Web page caption snippets:
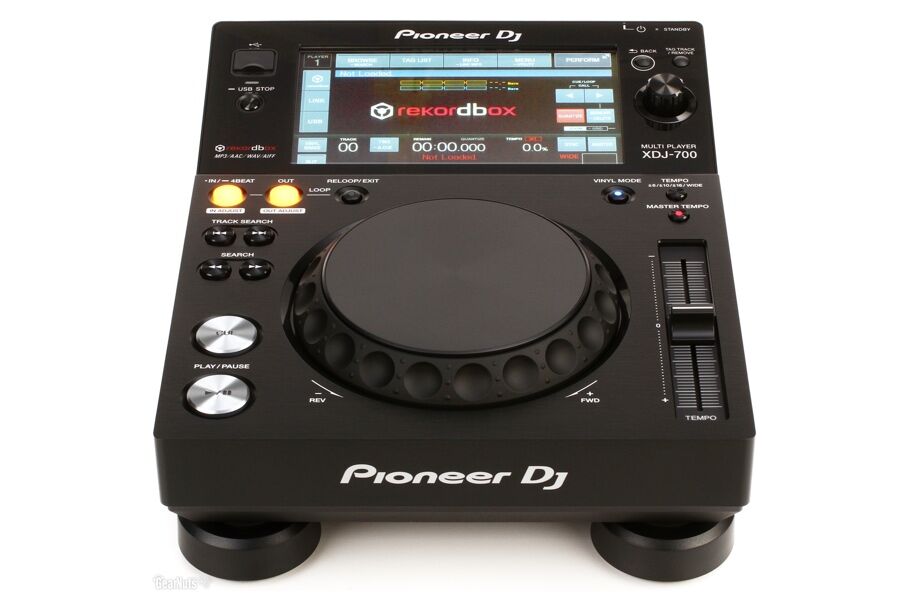 Pioneer DJ XDJ-700 Media Player Review - Digital DJ Tips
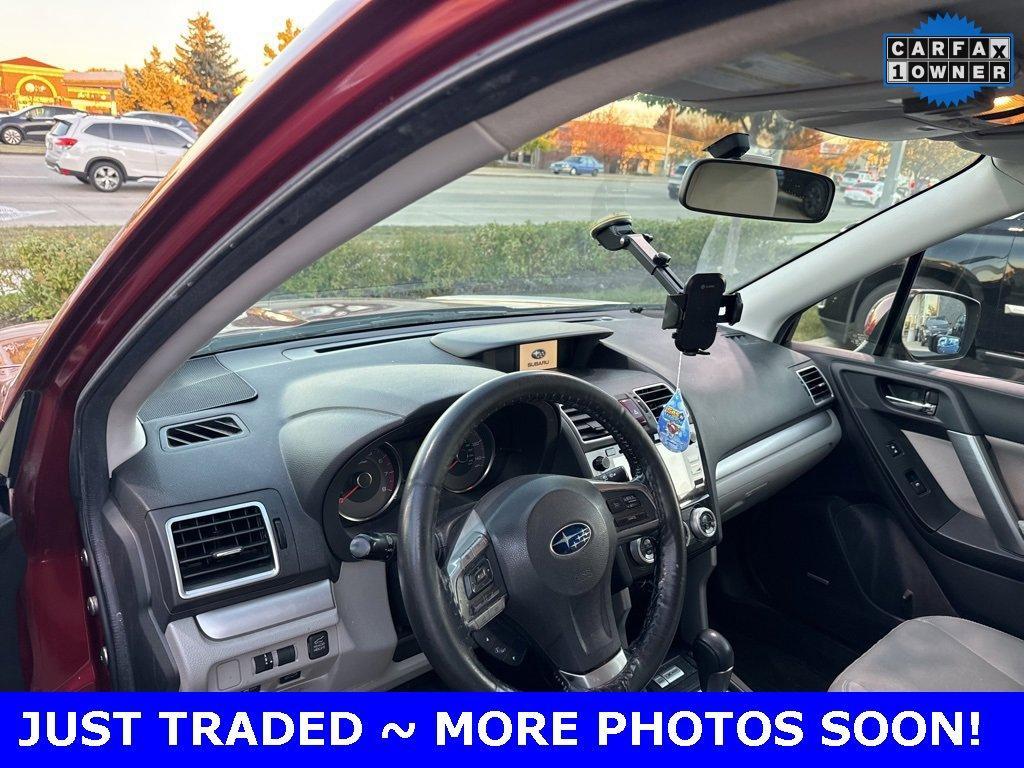 2016 Subaru Forester Vehicle Photo in Saint Charles, IL 60174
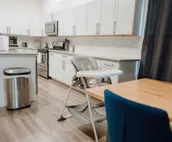 King Bed, Family Stay, Near Riverwalk, Food & Fun!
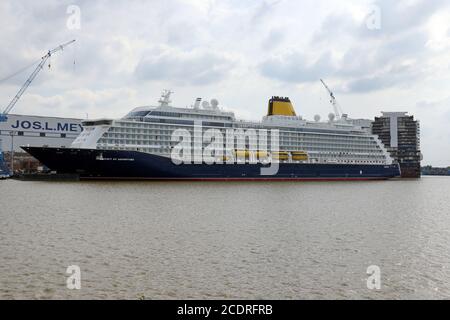 Le navire de croisière Spirit of Adventure se trouve devant le chantier naval Meyer à Papenburg le 1er août 2020. Banque D'Images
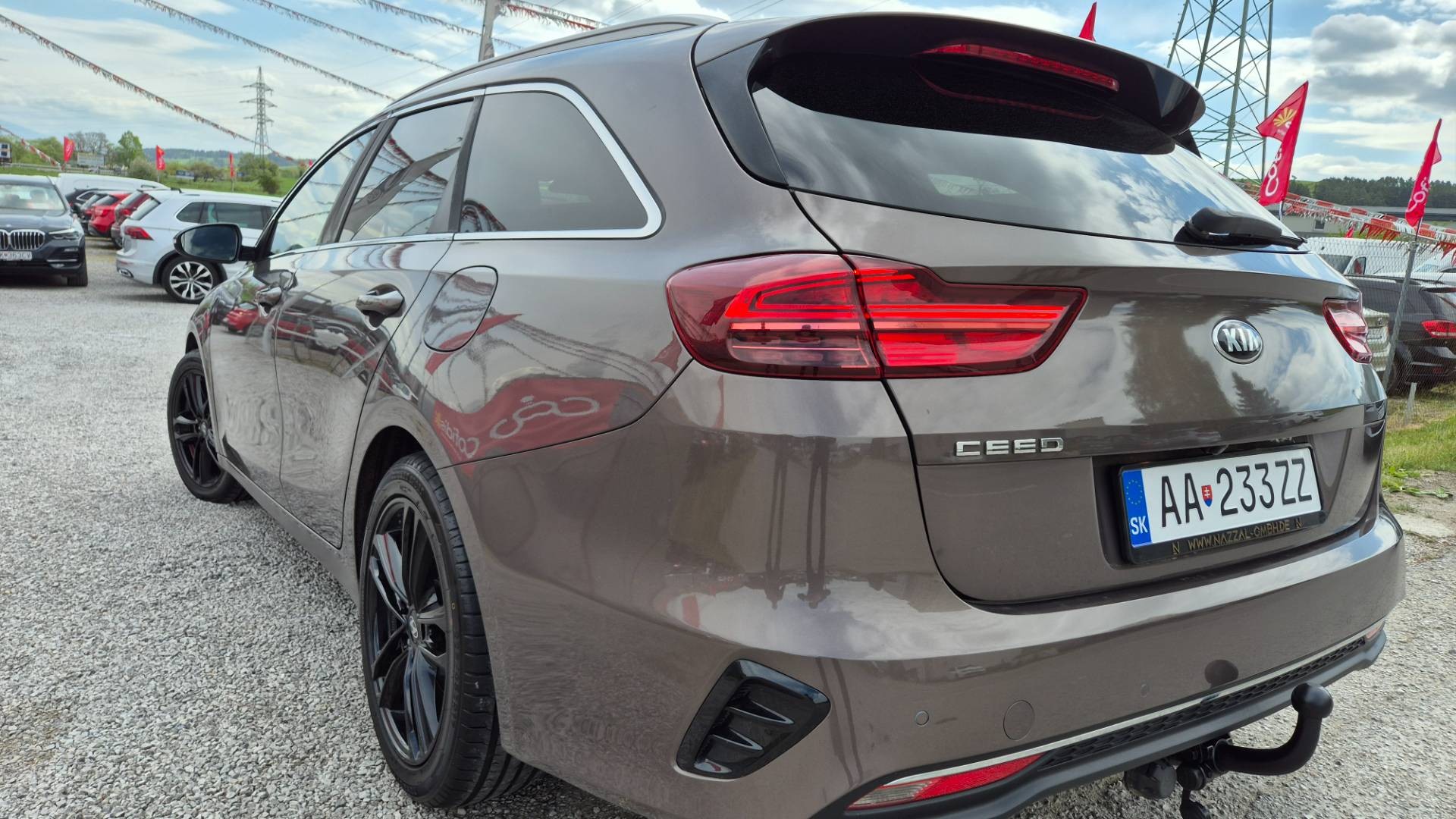 Kia Ceed SW 1.6 CRDi 136k Gold A/T – Obrázok 11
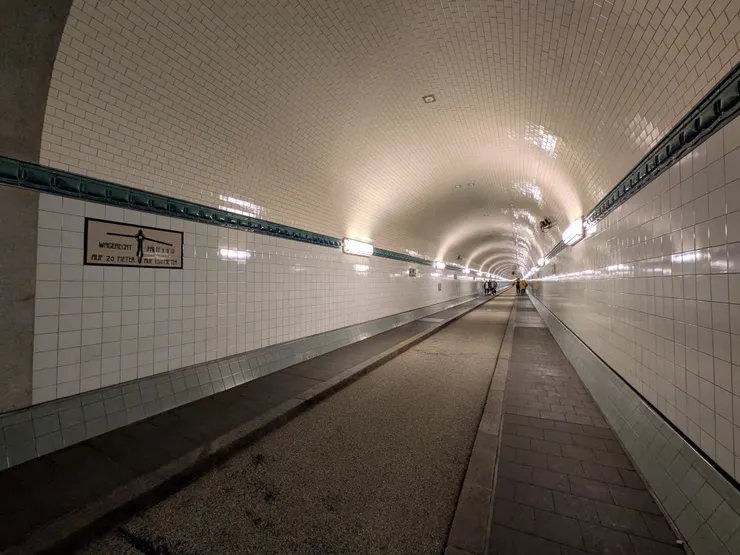 Photo: Zora @ Alter Elbtunnel. Aug. 2, 2025.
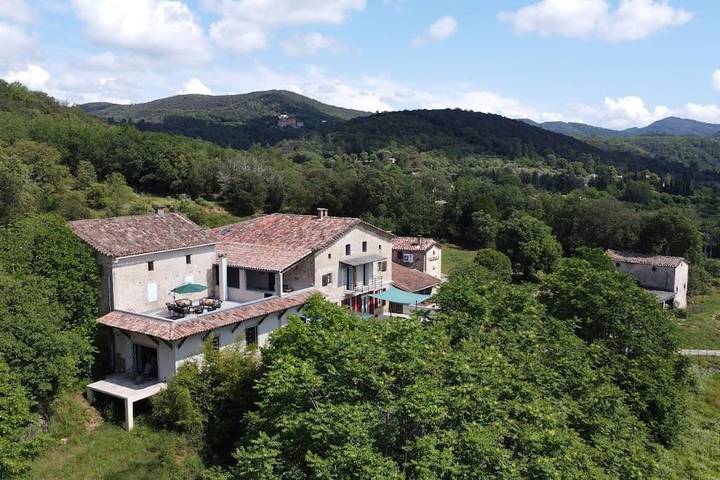 Location de vacances pour 8 personnes, avec piscine et balcon ainsi que jardin et vue à Générargues - 2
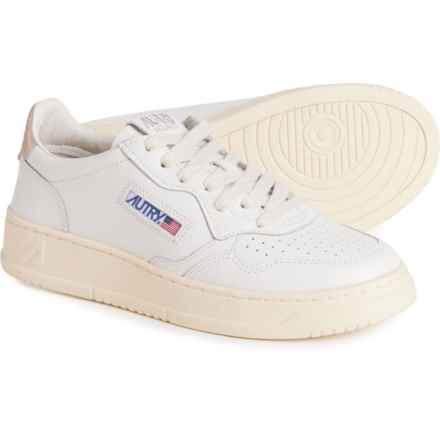 AUTRY Medalist Low Sneakers - Leather (For Women) in White / Gold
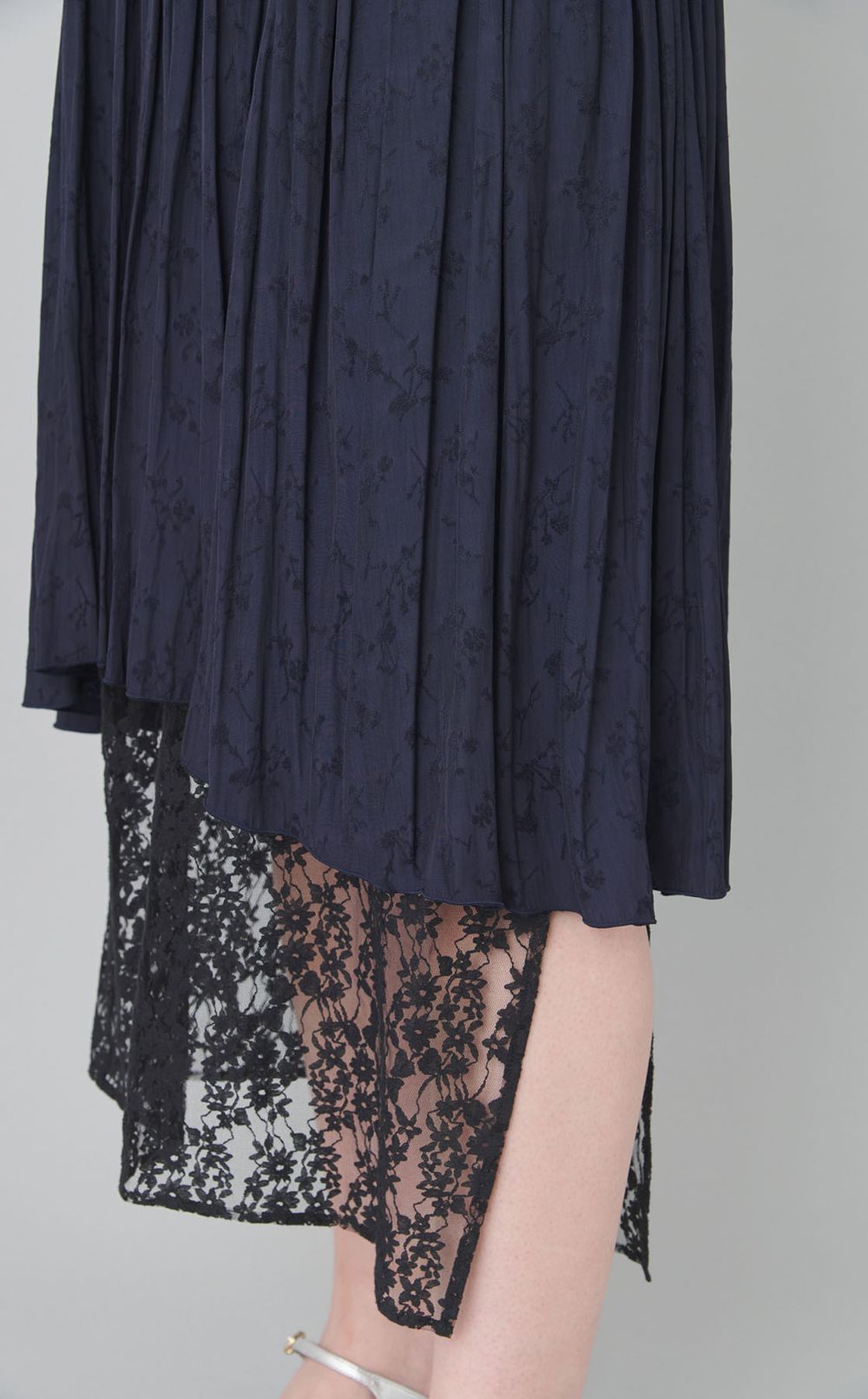 フラワージャガードキャミソールドレス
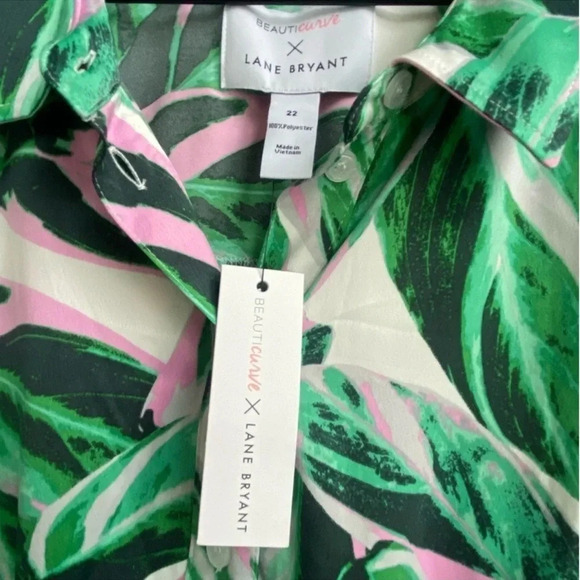 New BeautiCurve X Lane Bryant Palm Leaf Print ShirtDress
Button Dress Size 22 - Picture 8 of 15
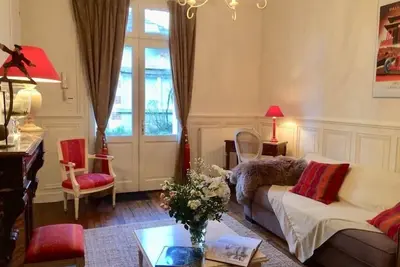 Image de Tours Centre, appartement et son jardin dans maison 19e siècle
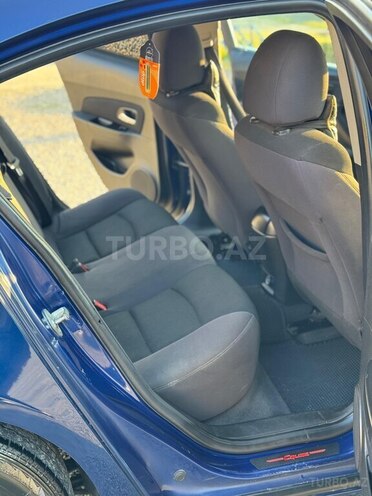 Chevrolet Cruze-12
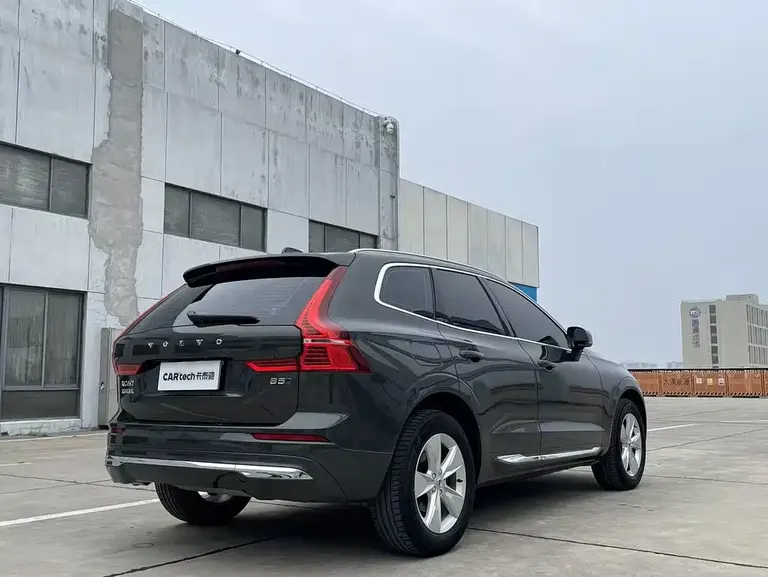 Volvo XC60 B5 4 WD Smart Ease Luxury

Action item: Beginning with the line that has "フラワージャガードキャミソールドレス", repeat each remaining line of the data above word for word, keeping pictures out.

Result below:
 フラワージャガードキャミソールドレス
 New BeautiCurve X Lane Bryant Palm Leaf Print ShirtDress
Button Dress Size 22 - Picture 8 of 15
 Image de Tours Centre, appartement et son jardin dans maison 19e siècle
 Chevrolet Cruze-12
 Volvo XC60 B5 4 WD Smart Ease Luxury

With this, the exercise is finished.